### Assigned task
All of the data should be copied exactly, with the pictures left out.

### Data records
• • • • • • •

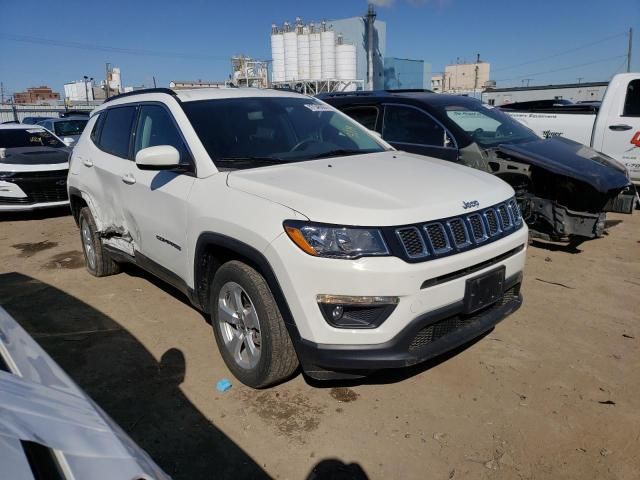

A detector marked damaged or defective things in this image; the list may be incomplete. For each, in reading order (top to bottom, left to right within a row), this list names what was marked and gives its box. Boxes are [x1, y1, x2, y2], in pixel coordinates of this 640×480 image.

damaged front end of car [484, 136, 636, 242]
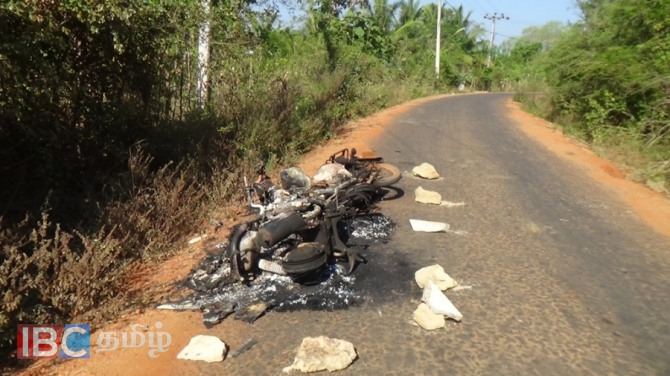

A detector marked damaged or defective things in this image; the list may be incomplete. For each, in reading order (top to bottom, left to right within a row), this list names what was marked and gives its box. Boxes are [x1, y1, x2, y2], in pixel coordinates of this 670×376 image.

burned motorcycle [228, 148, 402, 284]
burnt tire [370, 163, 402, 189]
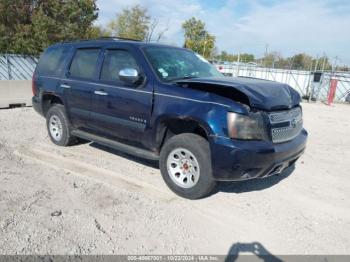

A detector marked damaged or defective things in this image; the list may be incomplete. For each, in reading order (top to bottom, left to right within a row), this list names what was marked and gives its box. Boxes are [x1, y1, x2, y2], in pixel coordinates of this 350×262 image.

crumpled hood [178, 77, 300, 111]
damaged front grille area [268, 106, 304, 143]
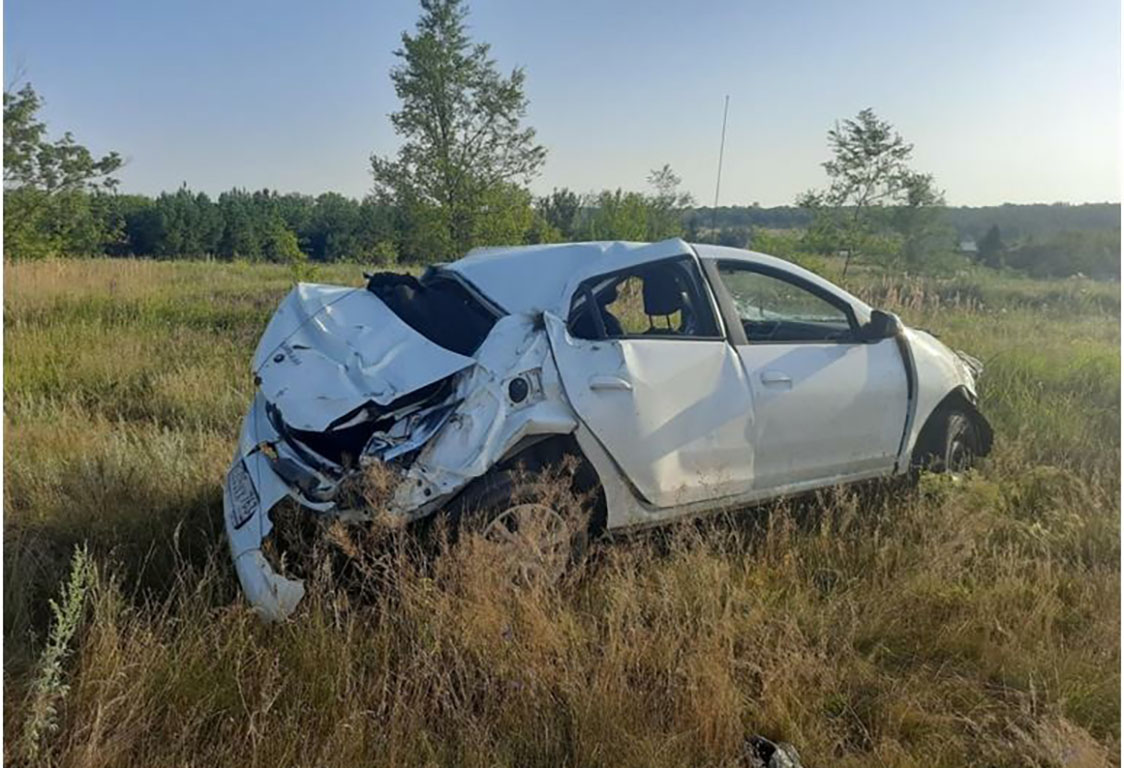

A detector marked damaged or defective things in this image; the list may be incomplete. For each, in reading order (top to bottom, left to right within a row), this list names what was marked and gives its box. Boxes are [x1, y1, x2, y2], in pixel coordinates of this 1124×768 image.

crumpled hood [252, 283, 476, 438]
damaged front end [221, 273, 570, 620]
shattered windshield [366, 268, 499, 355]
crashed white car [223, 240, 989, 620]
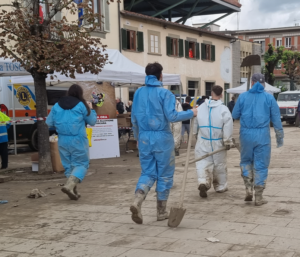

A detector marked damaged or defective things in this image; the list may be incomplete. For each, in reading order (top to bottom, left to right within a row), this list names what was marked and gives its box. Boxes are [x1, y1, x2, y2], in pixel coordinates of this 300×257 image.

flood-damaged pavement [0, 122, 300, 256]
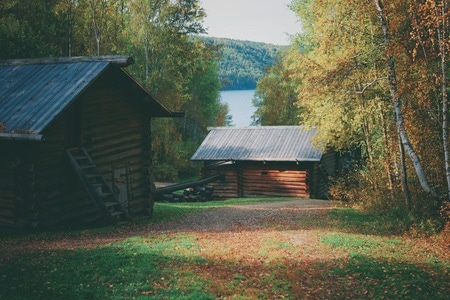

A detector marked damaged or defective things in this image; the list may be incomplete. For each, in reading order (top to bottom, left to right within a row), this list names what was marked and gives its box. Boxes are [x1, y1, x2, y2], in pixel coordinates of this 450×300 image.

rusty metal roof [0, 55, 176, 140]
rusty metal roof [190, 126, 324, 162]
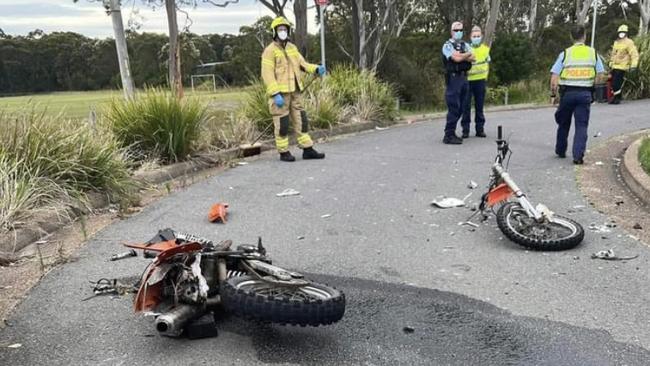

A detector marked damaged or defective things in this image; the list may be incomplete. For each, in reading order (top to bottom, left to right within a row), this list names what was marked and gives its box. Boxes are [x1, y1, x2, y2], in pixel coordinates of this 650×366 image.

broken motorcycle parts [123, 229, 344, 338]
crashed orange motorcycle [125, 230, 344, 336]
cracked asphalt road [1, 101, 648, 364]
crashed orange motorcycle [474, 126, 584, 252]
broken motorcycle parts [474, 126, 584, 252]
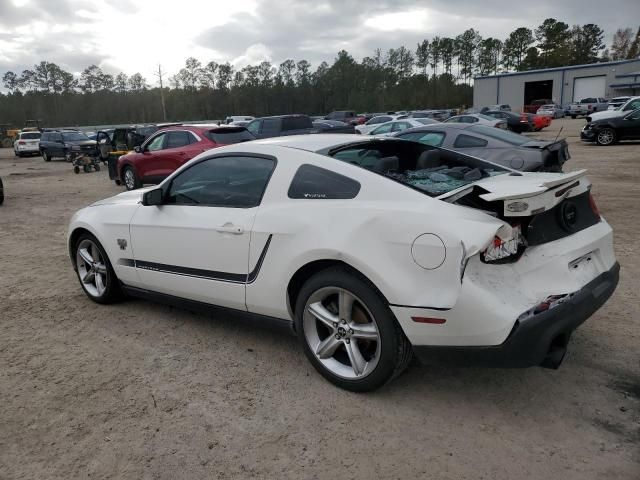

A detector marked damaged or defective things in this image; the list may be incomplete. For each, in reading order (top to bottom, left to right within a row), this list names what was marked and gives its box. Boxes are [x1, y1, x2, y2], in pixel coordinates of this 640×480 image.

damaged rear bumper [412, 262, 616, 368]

• • • • • • •

### Exercise output
A detector marked damaged or defective things in this image; the list may be incomplete. For each, in reading order (top to bottom, left to right within a row), this list names what was marked and gives its box. Boxes are [x1, y1, x2, y2], in pixel coordinates of this 640×480 image.

damaged front end of car [484, 136, 636, 242]

A detector marked damaged or defective things in this image; the list may be incomplete. For each, in reading order (top to bottom, left to right within a row), this list names what was marked and gives its box. Boxes are [x1, y1, x2, y2], in pixel coordinates of this 670×376 image.

burned motorcycle [228, 148, 402, 284]
burnt tire [370, 163, 402, 189]

A detector marked damaged or defective things in this image; the list may be incomplete. For each, in reading order (top to bottom, left to right within a row), this list names what was marked and gives its box. Boxes are [x1, y1, x2, y2], in pixel coordinates of this 350×262 image.

crumpled hood [178, 77, 300, 111]
damaged front grille area [268, 106, 304, 143]

A detector marked damaged or defective things in this image; the list may be incomplete. For each, in reading order (top to bottom, left to right within a row), this list names what was marked and gives its box. Boxes are [x1, y1, x2, y2], in pixel coordinates of this 1124×768 image.

crumpled hood [252, 283, 476, 438]
damaged front end [221, 273, 570, 620]
shattered windshield [366, 268, 499, 355]
crashed white car [223, 240, 989, 620]

A detector marked damaged or defective things in this image; the list may be incomplete. For each, in reading order (top to bottom, left to right within a row), this list names what was marked and gives its box. Boxes are [x1, y1, x2, y2], in pixel coordinates of this 300×257 image.

flood-damaged pavement [0, 122, 300, 256]

A detector marked damaged or defective things in this image; the list may be incomplete. For each, in reading order (top to bottom, left to right within a row), this list names what was marked and gives its box. Boxes are [x1, y1, x2, y2], in pixel coordinates of this 450×300 image.

rusty metal roof [0, 55, 176, 140]
rusty metal roof [190, 126, 324, 162]

A detector marked damaged or defective things in this image; the list may be incomplete. For each, in reading order (top to bottom, left to right within a row), this list names what was marked and gives its box. Boxes are [x1, y1, x2, y2], in pixel coordinates of this 650×366 image.

broken motorcycle parts [123, 229, 344, 338]
crashed orange motorcycle [125, 230, 344, 336]
cracked asphalt road [1, 101, 648, 364]
crashed orange motorcycle [474, 126, 584, 252]
broken motorcycle parts [474, 126, 584, 252]

A detector marked damaged or defective things in this image; the list may be incomplete. For each, in reading order (top to bottom, left to right within a row), this list names what was marked and gives its box. Boxes are [x1, y1, x2, y2], in pixel coordinates of this 640×480 image.

damaged rear bumper [412, 262, 616, 368]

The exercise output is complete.